COULEURS DE L’INCENDIE

Les romans de Pierre Lemaitre sont une telle perfection romanesque qu’il n’était pas pensable que le cinéma ne se penchât pas à nouveau sur cette belle histoire de Monte-Cristo au féminin. La revanche est un si beau moteur des passions humaines. Déjà « Au revoir, là-haut » avait marqué les esprits avec cette flamboyante gueule-cassée de retour du front qui se venge de tous les planqués de l’arrière qui l’ont envoyé au casse-pipe. Il y avait là matière à un beau scénario, avec l’aide de l’auteur, très impliqué.

Clovis Cornillac, l’acteur, s’applique donc à mettre en images ce fabuleux récit de spoliation d’héritage dans les années 30, au détriment d’une faible femme trop confiante. Il le fait avec beaucoup d’intensité, et le renfort de bons acteurs, tous excellents dans leurs rôles, notamment Olivier Gourmet, en beau-frère couard et Jeremy Lopez en journaliste véreux. L’image est belle, les lieux majestueux à souhait, la reconstitution historique minutieuse, à part quelques détails mineurs comme ces plots anti-voitures devant l’Assemblée Nationale. Le spectateur se laisse happer par un récit fluide, à l’ancienne, où l’objectif est de rester fidèle à la trame du roman. Ça marche !…
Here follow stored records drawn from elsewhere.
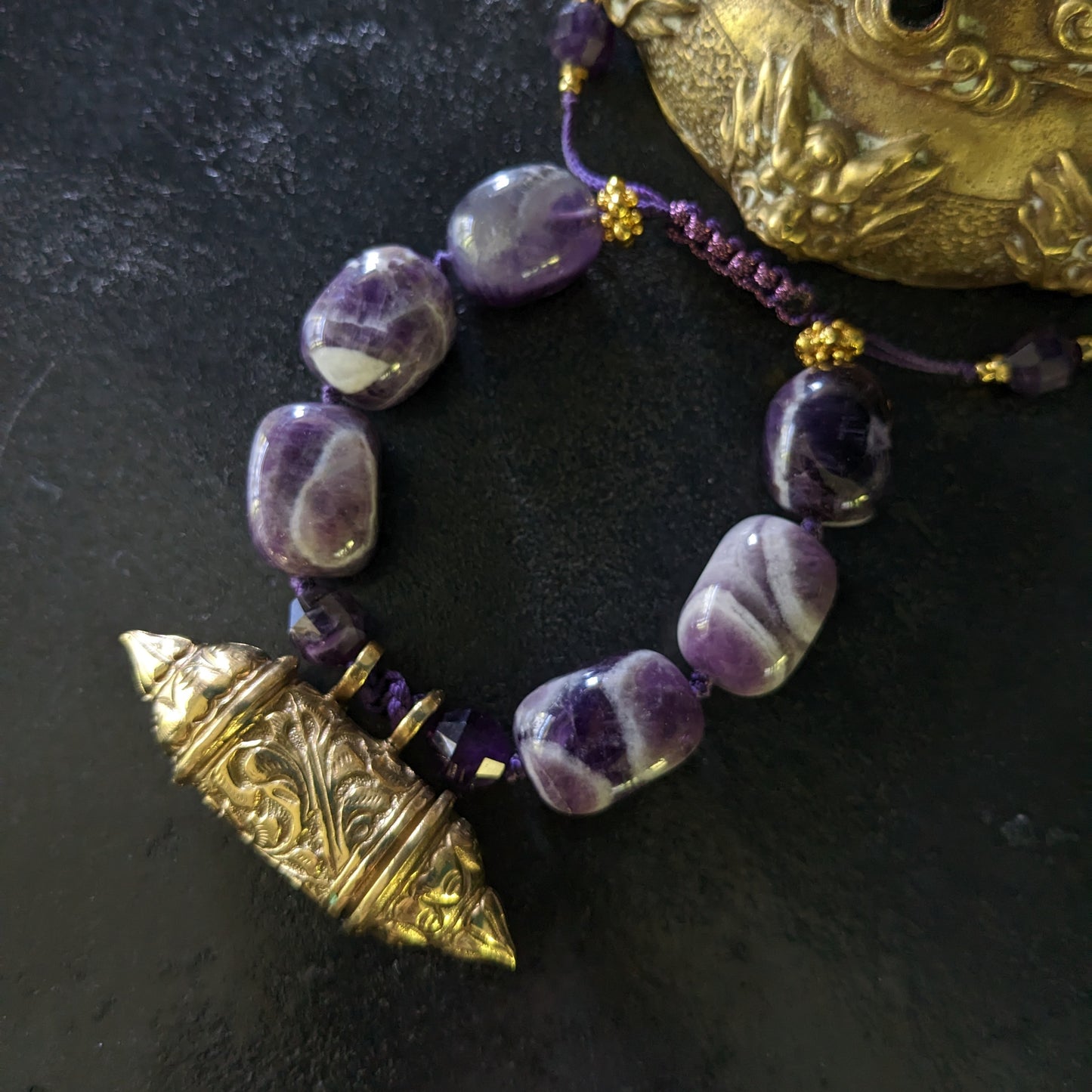 Bracelet ethnique en améthystes chevron et boite à amulette du Rajasthan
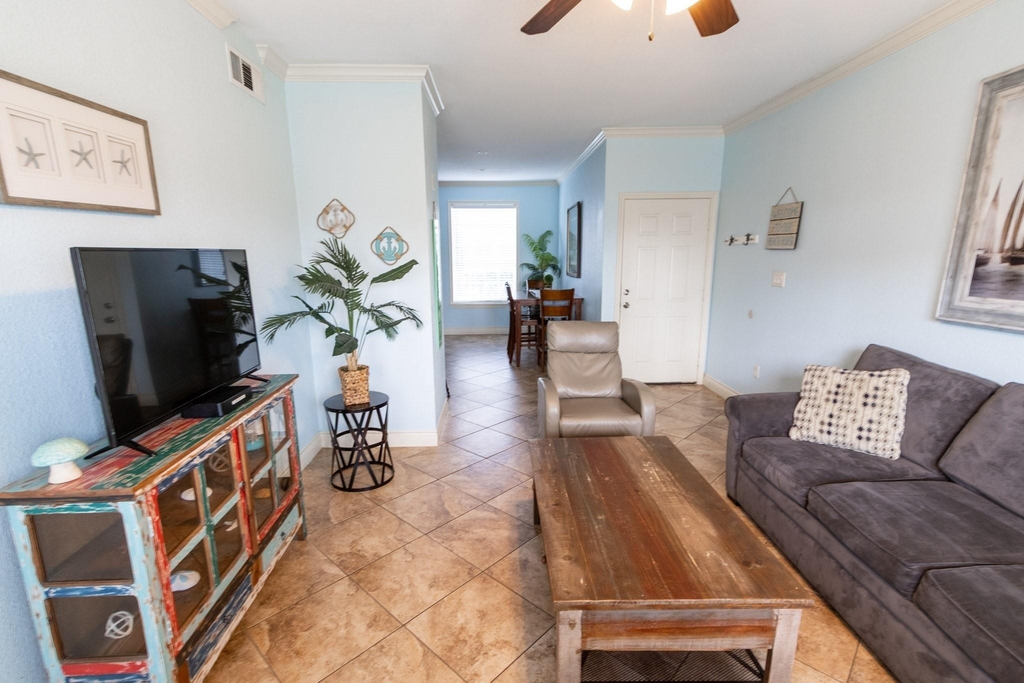 7000 Seawall Boulevard - Photo 10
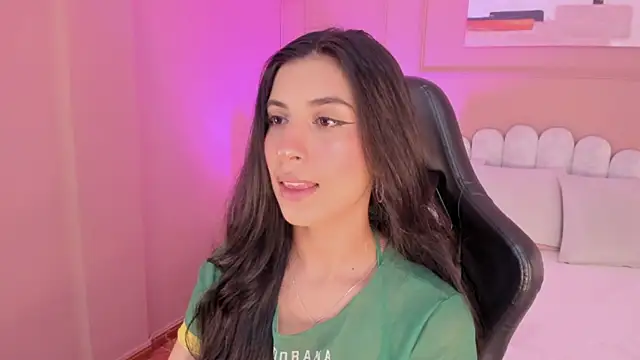 zia cooper online show from 11-19-25, 06:52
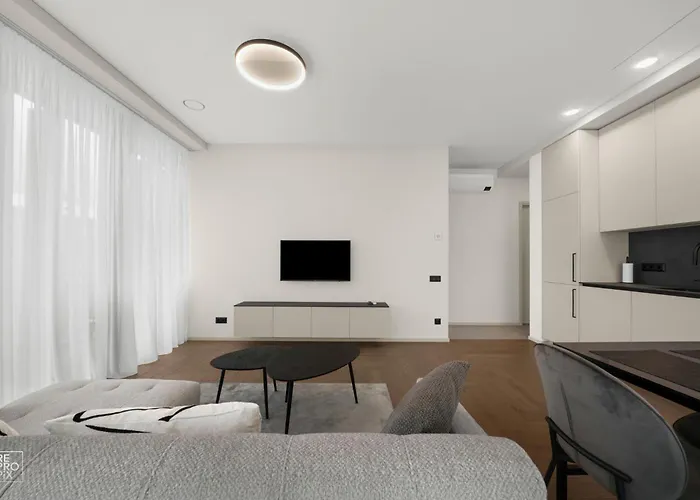 Comfortable 2 Bd By Domvia Appartement *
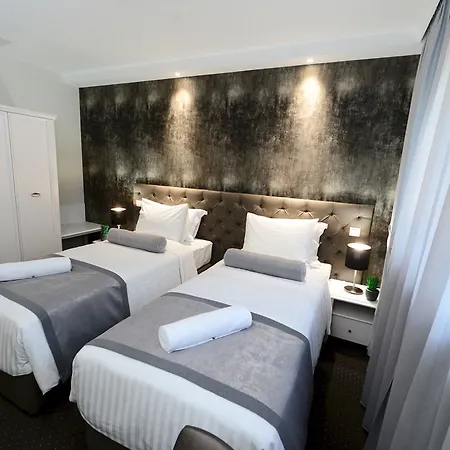 Alexandar Ii 4*
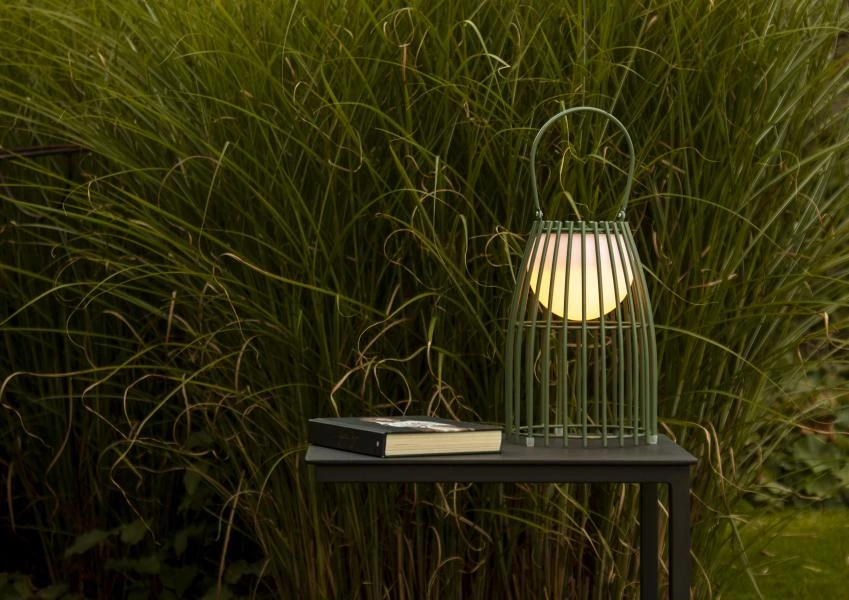 Lucide FJARA - Lampe de table Rechargeable Intérieur/Extérieur - Batterie/Piles - Ø 17,5 cm - LED Dim to warm - 1x0,3W 2800K/3200K - IP44 - Vert - ambiance 1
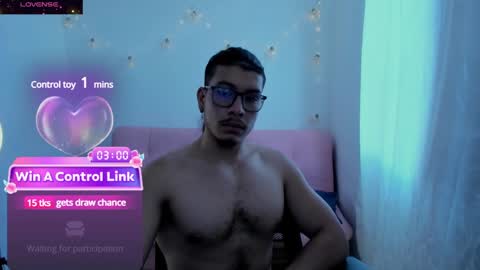 Snapshot of maxifit_ chatting on January 9, 2025, 1:56 pm Mikael online show from January 9, 2025, 1:56 pm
Mais, pour l’ancien lecteur du roman, il y manque un petit grain de fantaisie, ce petit truc qu’avait trouvé Albert Dupontel pour magnifier le roman, tout en le dépassant même par un ton décalé et accusateur. En d’autres termes, le film est bon, mais il ne soutient pas tout à fait la comparaison avec « Au revoir, là-haut » que Dupontel avait porté de tout son talent pour en faire sans doute le plus beau film de la décennie. L’histoire n’est certes pas la même, mais la charge contre les ambitieux et les manipulateurs est aussi forte d’un roman à l’autre. En tout cas, les deux films auront touché leur cible s’ils incitent le spectateur à plonger dans les romans. Pierre Lemaitre est l’Alexandre Dumas de notre époque. Ce qui nous ouvre de belles perspectives d’adaptations cinématographiques pour les années à venir. Avec la touche personnelle de chaque réalisateur, bien sûr, et donc un moyen d’identifier l’aisance de chacun dans l’exercice.